Search code examples
tarbzip2gnuwin32

Loading a TAR file and extracting its *bz2 contents to sdout with bzcat


Following this question, I'm attempting to load a 40 GB TAR file with bz2-compressed json files into PostgreSQL in an effecient manner.

As per the answer mentioned above, I'm trying to separate the process and use external tools to create the following flow.

  • Open & Extract the files to SDOUT with TAR (bsdtar in this case, as TAR does not include extracting in its Windows build), only *.bz2 files.
  • Extract the *BZ2 files with a call to bzcat (export to sdout)
  • Open this in my python script 'file_handling', which maps each incoming line to a tweet and outputs this as a csv to stdout
  • Pipe this to PSQL to load it into one COPY command.

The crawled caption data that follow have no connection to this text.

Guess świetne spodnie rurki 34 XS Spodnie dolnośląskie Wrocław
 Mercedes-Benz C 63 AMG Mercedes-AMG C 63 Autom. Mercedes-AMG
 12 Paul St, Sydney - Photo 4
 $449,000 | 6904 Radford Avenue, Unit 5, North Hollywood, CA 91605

I'm currently getting an error when arriving at bzcat, this is what I have to build line that executes the above:

pipeline = [filename[1:3] + " && ",  # Change drive to H so that TAR can find the file without a drive name (doesn't like absolute paths, apparently).
            '"C:\\Tools\\GnuWin32\\gnuwin32\\bin\\bsdtar" vxOf ' + filename_nodrive + ' "*.bz2"',  # Call to tar, outputs to stdin
            " | C:\\Tools\\GnuWin32\\gnuwin32\\bin\\bzcat.exe"#,  # Forward its output to bzcat
            ' | python "D:\Cloud\Dropbox\Coding\GitHub\pyTwitter\pyTwitter_filehandling.py"', # Extract Tweets
            ' | "C:\Program Files\PostgreSQL\9.4\bin\psql.exe" -1f copy.sql ' + secret_login_d
           ]
module_call = "".join(pipeline)
module_call = "H: && "C:\Tools\GnuWin32\gnuwin32\bin\bsdtar" vxOf "Twitter datastream/Sourcefiles/archiveteam-twitter-stream-2013-01.tar" "*.bz2" | C:\Tools\GnuWin32\gnuwin32\bin\bzcat.exe | python "D:\Cloud\Dropbox\Coding\GitHub\pyTwitter\pyTwitter_filehandling.py" | "C:\Program Files\PostgreSQL\9.4in\psql.exe" -1f copy.sql "user=xxx password=xxx host=localhost port=5432 dbname=xxxxxx""

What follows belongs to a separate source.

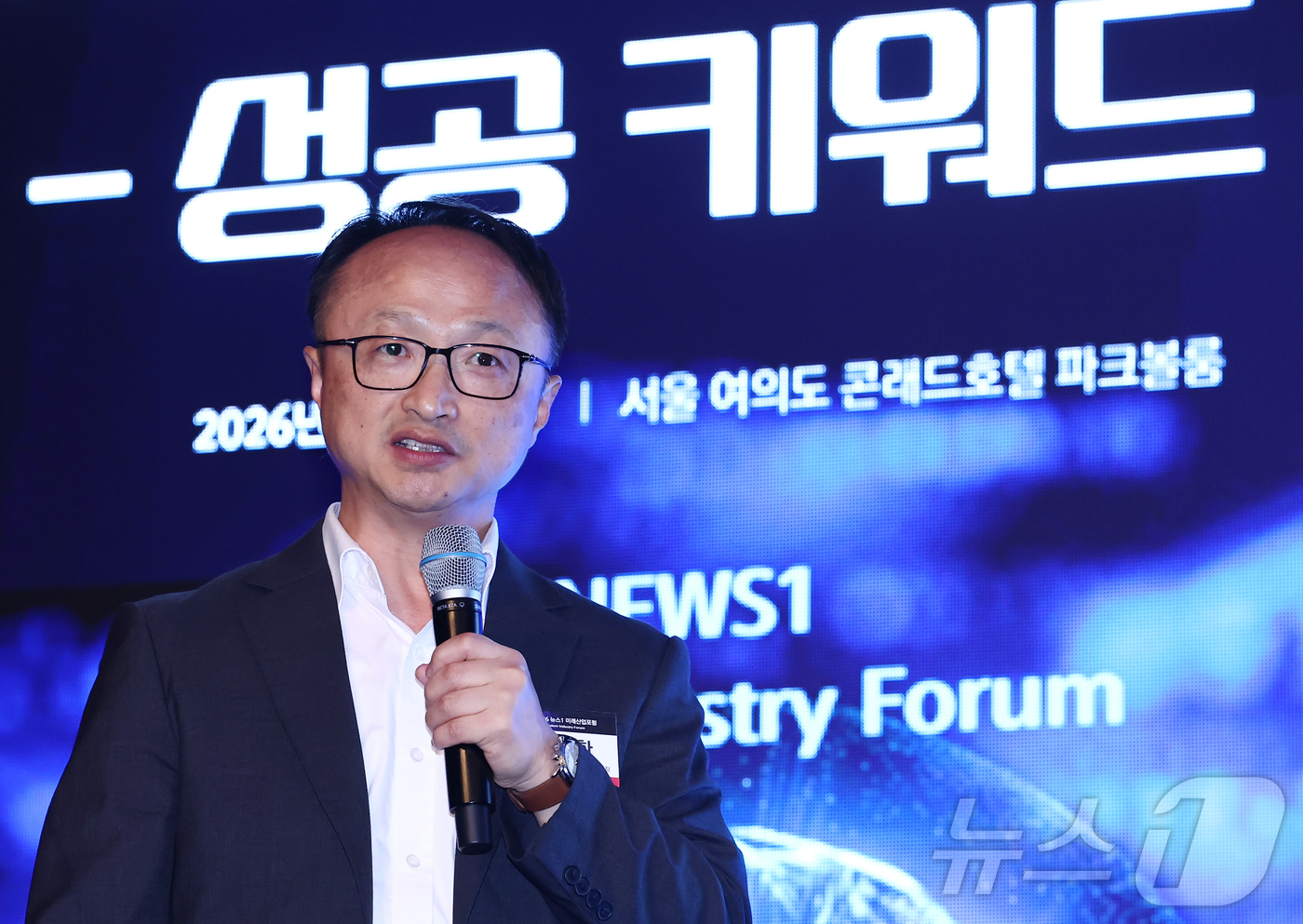 (서울=뉴스1) 김민지 기자 = 김석환 현대로템 RH사업부 로봇AX사업실장이 9일 오후 서울 여의도 콘래드호텔에서 열린 뉴스1 미래산업포럼(NFIF)에서 '미래전장의 피지컬AI와 …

When executing the code for TAR, the TAR file is outputted to the CMD prompt, hinting me that all is well. However, the bzcat line brings an error:

x 01/29/06/39.json.bz2
bzcat.exe: Data integrity error when decompressing.
    Input file = (stdin), output file = (stdout)

It is possible that the compressed file(s) have become corrupted.
You can use the -tvv option to test integrity of such files.

Running -tvv gives me:

huff+mtf data integrity (CRC) error in data

I've tried to extract the same archive with 7-zip (GUI): this still works. Any help on how to troubleshoot this would be greatly appreciated. I'm running Windows 8.1 with GNUWin32.


Solution

  • bsdtar.exe is translating newline bytes in the file data into the DOS CRLF sequence resulting in a corrupted bzip2 output stream.

    GNU tar worked when using relative paths but it does not handle absolute paths in Windows.

    Your best bet is to use 7-zip instead:

    7z.exe x -so -ir!*.json.bz2 archive.tar | bzcat | ...